WORK INSTRUCTION:
From the material below, set down exactly the lines that run from the one containing "W&W Mode | Cross" to the one containing "Belgique, Léopold Ier, 5 francs, 1865 (1006)", minus the pictures.

(PROVIDED RECORDS begins)

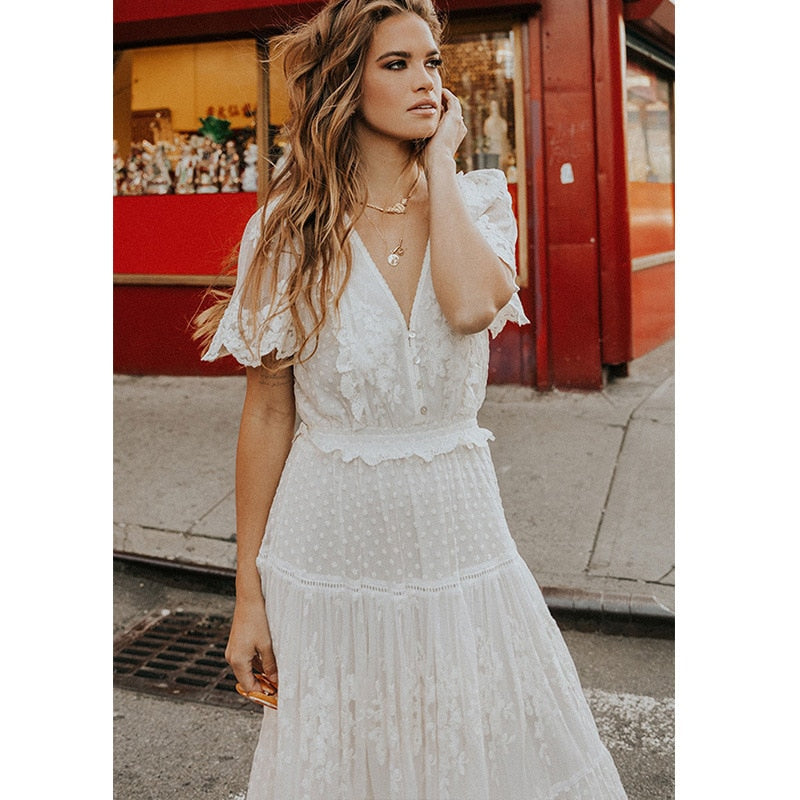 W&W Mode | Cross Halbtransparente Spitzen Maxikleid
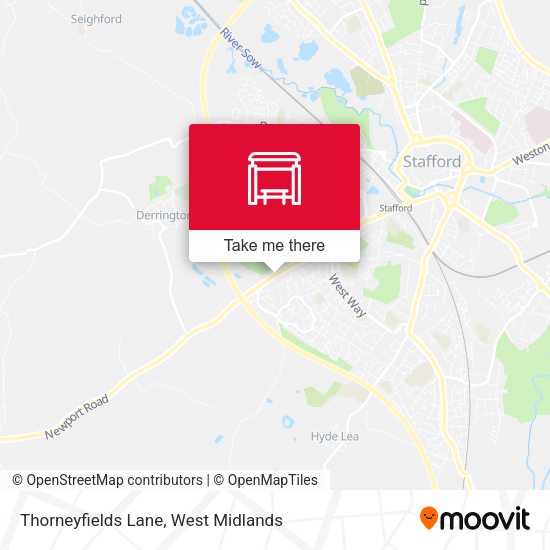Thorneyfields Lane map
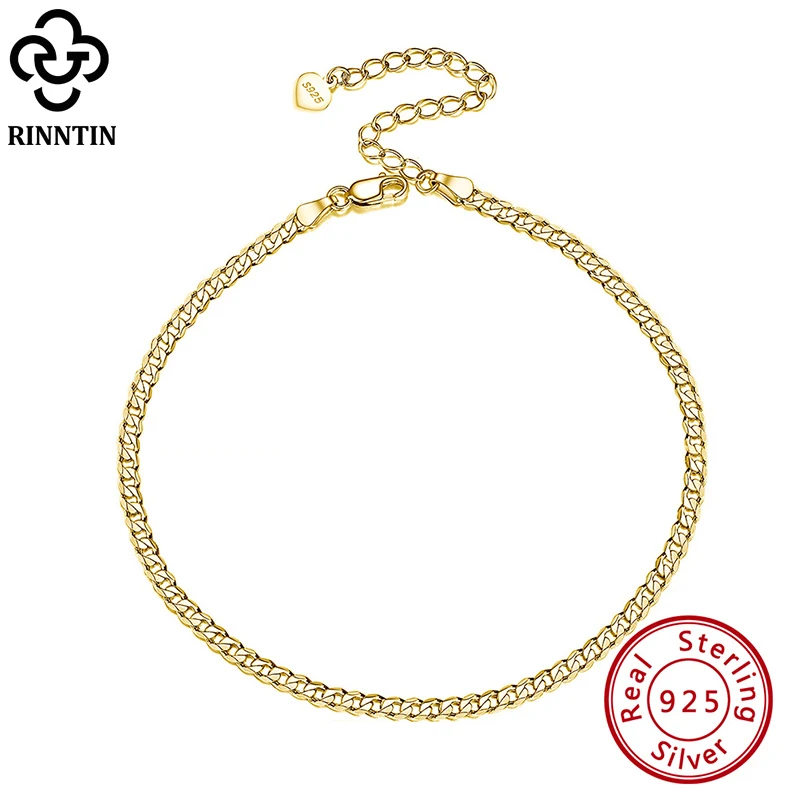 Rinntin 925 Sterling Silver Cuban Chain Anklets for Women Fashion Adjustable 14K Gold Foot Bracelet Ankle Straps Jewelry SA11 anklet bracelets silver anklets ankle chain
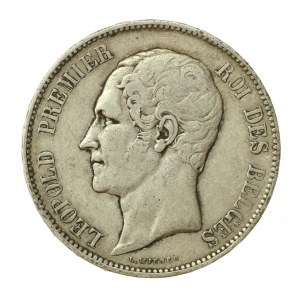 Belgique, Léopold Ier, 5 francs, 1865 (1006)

(PROVIDED RECORDS ends)
(PROVIDED RECORDS begins)

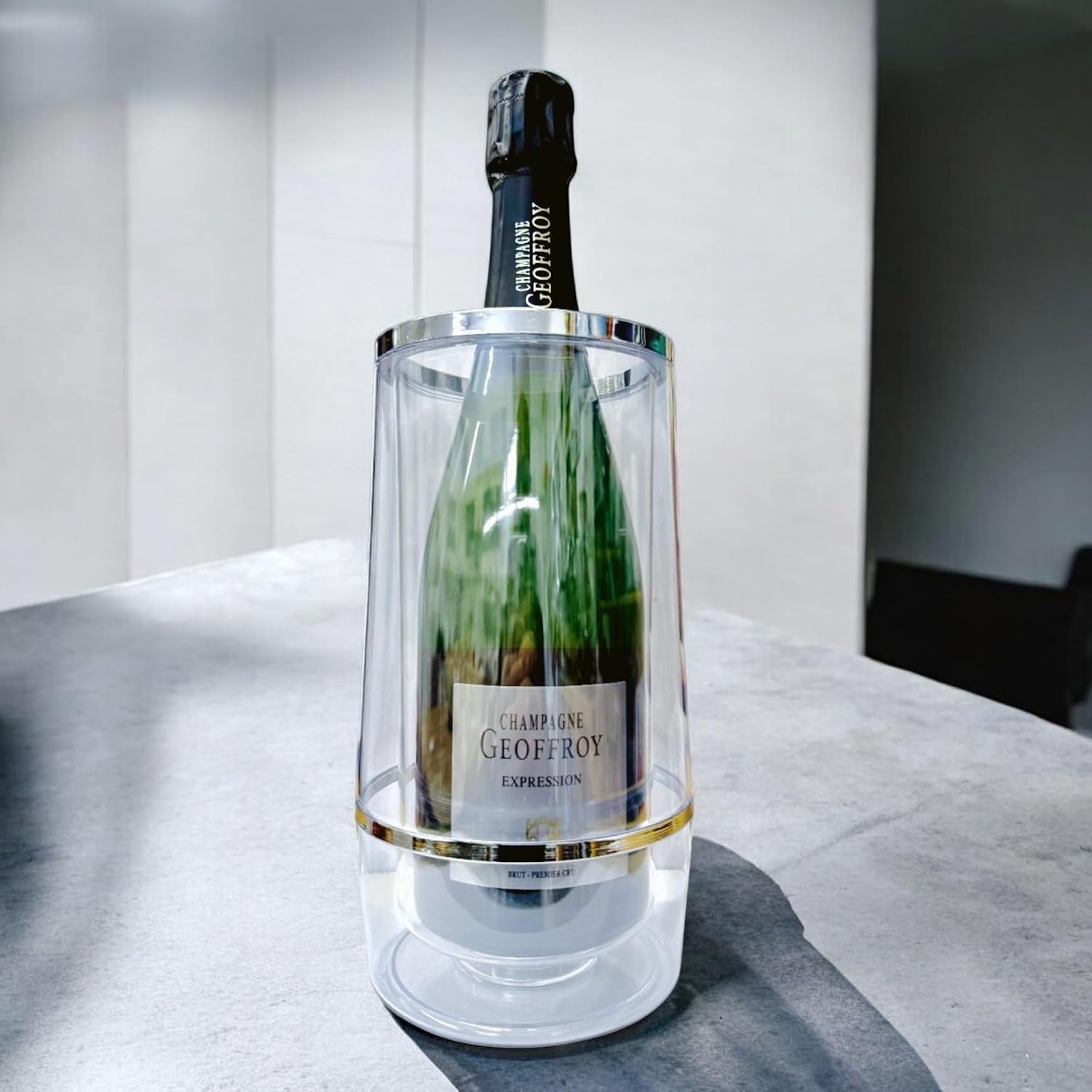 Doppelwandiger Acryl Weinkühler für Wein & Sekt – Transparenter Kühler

(PROVIDED RECORDS ends)

WRITTEN ANSWER:
 W&W Mode | Cross Halbtransparente Spitzen Maxikleid
Thorneyfields Lane map
 Rinntin 925 Sterling Silver Cuban Chain Anklets for Women Fashion Adjustable 14K Gold Foot Bracelet Ankle Straps Jewelry SA11 anklet bracelets silver anklets ankle chain
 Belgique, Léopold Ier, 5 francs, 1865 (1006)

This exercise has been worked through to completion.